» **TASK INPUT**
=====

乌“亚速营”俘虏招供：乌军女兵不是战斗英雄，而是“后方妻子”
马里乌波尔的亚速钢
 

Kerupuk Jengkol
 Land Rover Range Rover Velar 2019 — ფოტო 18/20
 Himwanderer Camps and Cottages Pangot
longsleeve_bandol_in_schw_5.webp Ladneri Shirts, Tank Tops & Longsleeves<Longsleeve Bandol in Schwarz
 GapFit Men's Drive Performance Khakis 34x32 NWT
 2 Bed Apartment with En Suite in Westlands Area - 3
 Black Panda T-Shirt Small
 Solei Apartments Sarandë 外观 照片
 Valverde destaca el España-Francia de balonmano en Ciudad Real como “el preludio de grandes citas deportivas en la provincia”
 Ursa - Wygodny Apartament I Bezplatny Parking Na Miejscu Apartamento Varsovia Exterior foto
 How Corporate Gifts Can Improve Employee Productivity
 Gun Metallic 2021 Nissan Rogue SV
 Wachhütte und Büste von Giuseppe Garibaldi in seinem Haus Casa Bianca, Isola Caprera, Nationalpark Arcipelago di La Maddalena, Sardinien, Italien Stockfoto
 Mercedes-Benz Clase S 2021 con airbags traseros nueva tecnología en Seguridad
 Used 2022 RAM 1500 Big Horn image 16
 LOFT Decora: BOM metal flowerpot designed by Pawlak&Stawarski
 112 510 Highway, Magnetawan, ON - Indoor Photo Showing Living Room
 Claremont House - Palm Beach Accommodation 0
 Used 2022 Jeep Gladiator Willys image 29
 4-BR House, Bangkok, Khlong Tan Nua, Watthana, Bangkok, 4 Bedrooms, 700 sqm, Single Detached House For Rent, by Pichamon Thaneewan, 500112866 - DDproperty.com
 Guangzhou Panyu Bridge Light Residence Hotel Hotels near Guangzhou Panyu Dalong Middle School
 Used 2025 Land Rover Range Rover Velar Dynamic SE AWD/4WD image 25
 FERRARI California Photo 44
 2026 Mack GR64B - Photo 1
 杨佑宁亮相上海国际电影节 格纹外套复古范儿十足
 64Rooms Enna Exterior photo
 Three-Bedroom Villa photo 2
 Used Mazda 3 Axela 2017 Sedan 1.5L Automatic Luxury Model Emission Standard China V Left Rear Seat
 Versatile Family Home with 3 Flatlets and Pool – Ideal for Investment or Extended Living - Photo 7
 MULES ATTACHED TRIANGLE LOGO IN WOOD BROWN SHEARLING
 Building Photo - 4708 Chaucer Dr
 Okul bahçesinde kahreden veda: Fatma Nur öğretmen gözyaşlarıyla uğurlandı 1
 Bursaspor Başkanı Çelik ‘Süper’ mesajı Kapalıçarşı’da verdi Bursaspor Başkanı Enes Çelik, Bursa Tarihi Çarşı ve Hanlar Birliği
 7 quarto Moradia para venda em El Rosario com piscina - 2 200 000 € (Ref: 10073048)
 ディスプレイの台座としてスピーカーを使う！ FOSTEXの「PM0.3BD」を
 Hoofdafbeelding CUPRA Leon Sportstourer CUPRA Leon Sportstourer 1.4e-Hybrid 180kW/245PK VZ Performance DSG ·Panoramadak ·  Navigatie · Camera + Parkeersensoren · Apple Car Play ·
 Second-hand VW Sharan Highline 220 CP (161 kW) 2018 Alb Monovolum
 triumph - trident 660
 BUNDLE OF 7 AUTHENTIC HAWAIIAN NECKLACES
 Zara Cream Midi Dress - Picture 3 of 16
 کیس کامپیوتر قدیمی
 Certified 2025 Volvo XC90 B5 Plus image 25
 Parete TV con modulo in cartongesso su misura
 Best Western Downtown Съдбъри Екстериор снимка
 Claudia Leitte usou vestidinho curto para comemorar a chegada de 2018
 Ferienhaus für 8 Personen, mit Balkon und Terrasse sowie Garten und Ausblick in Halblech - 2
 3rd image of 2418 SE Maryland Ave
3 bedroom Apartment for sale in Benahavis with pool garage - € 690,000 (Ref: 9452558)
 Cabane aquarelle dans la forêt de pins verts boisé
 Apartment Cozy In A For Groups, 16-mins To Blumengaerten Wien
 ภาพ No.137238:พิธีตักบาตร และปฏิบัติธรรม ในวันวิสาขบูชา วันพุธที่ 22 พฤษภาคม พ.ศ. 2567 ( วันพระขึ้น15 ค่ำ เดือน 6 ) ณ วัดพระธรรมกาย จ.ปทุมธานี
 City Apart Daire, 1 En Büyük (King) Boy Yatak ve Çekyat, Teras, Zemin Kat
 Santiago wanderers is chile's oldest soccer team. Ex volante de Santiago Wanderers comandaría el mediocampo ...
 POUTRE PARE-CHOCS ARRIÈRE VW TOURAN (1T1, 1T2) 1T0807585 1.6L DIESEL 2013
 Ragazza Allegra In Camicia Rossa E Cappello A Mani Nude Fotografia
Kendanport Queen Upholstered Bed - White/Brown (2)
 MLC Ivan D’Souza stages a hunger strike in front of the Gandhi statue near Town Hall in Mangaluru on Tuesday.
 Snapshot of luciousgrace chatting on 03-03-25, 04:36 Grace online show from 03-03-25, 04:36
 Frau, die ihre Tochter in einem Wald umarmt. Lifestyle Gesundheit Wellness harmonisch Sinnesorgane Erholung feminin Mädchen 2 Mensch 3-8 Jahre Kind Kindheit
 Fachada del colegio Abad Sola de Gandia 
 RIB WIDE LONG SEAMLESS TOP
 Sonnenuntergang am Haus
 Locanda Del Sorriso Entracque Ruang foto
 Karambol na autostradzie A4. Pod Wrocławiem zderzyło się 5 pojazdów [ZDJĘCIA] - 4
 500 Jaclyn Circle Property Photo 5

=====

» **EXERCISE DESCRIPTION**
Every line that includes "Performance" must be copied from the material above.

» **WRITTEN REPLY**
 GapFit Men's Drive Performance Khakis 34x32 NWT
 Hoofdafbeelding CUPRA Leon Sportstourer CUPRA Leon Sportstourer 1.4e-Hybrid 180kW/245PK VZ Performance DSG ·Panoramadak ·  Navigatie · Camera + Parkeersensoren · Apple Car Play ·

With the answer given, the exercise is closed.